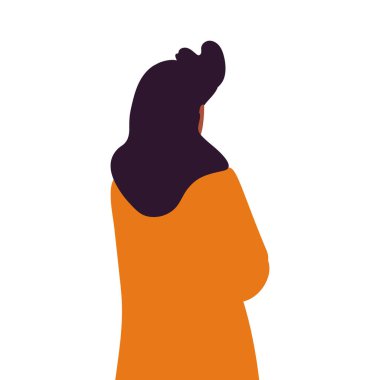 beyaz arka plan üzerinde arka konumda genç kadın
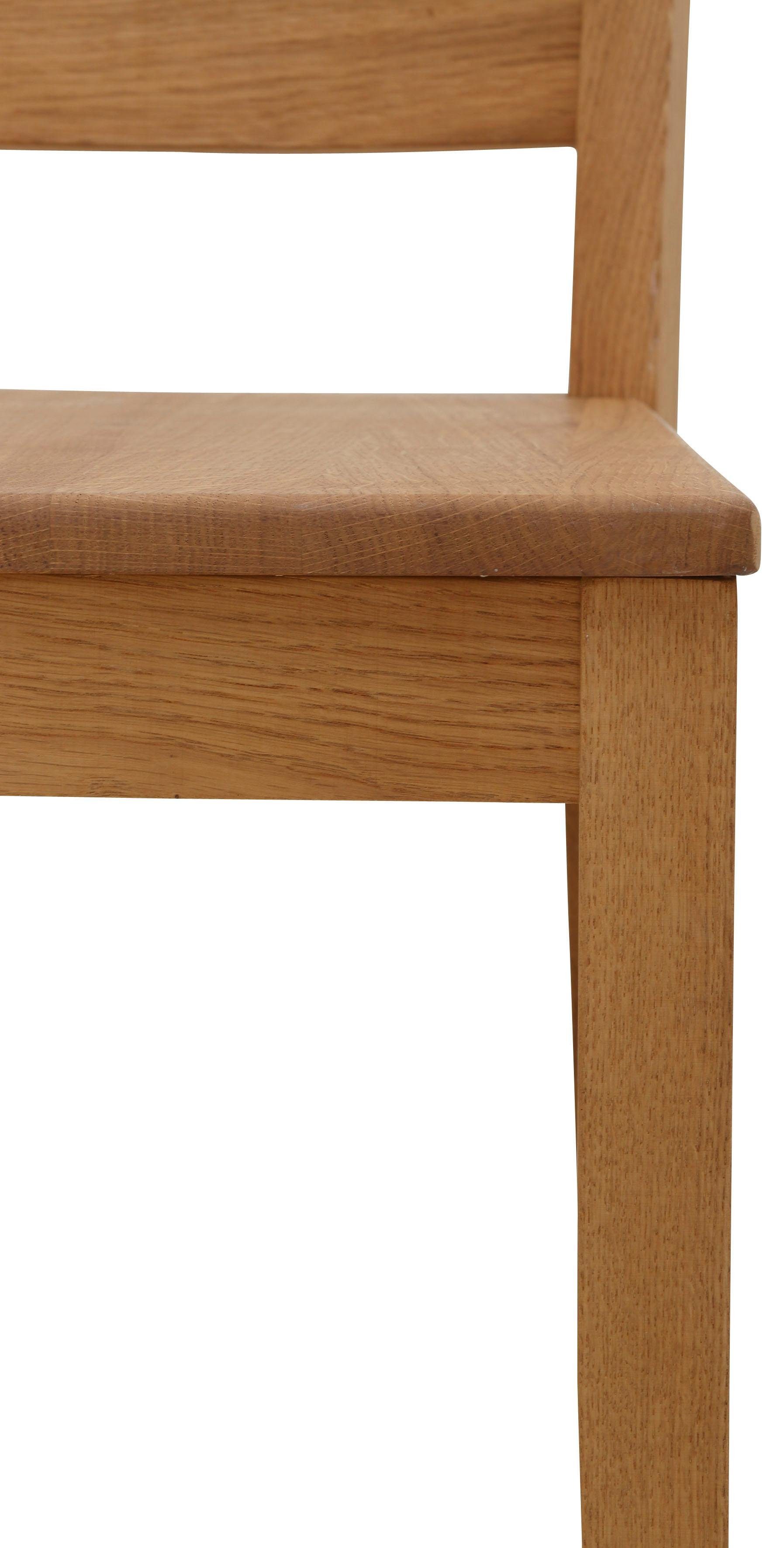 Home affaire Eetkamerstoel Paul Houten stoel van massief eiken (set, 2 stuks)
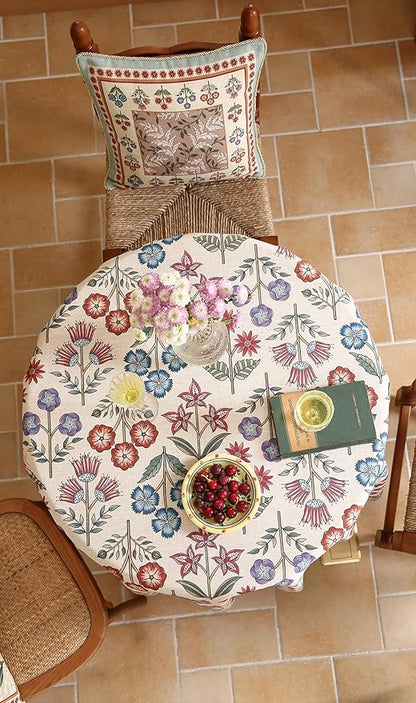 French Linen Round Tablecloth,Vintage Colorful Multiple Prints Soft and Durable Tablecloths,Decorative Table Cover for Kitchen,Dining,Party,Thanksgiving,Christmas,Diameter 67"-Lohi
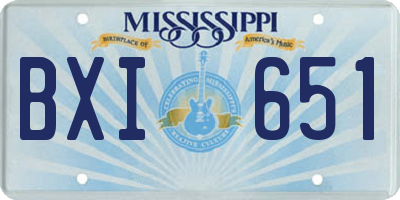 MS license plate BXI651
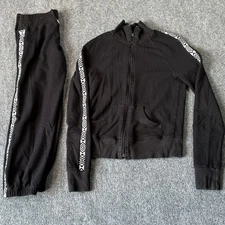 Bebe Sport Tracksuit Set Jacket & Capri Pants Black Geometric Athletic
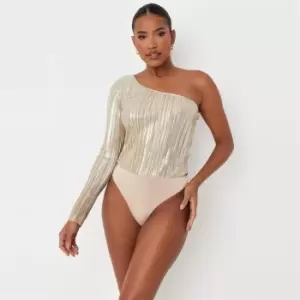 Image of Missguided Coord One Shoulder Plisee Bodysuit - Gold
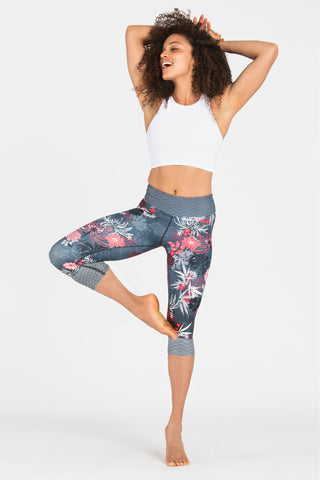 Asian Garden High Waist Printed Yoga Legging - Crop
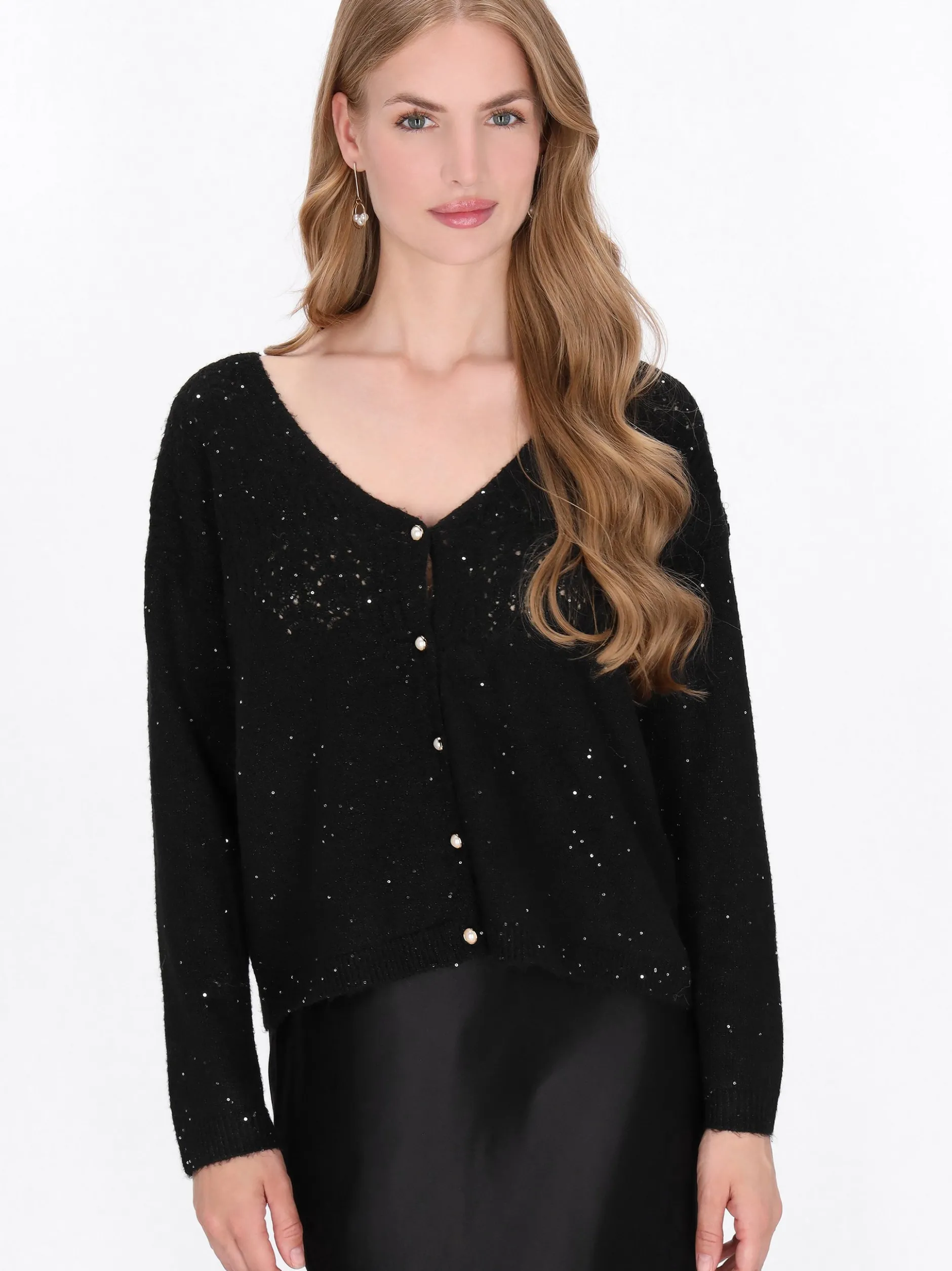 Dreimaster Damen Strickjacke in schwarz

==============================

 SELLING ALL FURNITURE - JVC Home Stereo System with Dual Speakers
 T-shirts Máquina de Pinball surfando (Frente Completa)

==============================

The task
Start at the line above containing "MS license plate BXI651" and stop at the line containing "Dreimaster Damen Strickjacke in schwarz": print those lines and everything between them exactly, but not the pictures.

Written answer
 MS license plate BXI651
 Bebe Sport Tracksuit Set Jacket & Capri Pants Black Geometric Athletic
 Image of Missguided Coord One Shoulder Plisee Bodysuit - Gold
 Asian Garden High Waist Printed Yoga Legging - Crop
 Dreimaster Damen Strickjacke in schwarz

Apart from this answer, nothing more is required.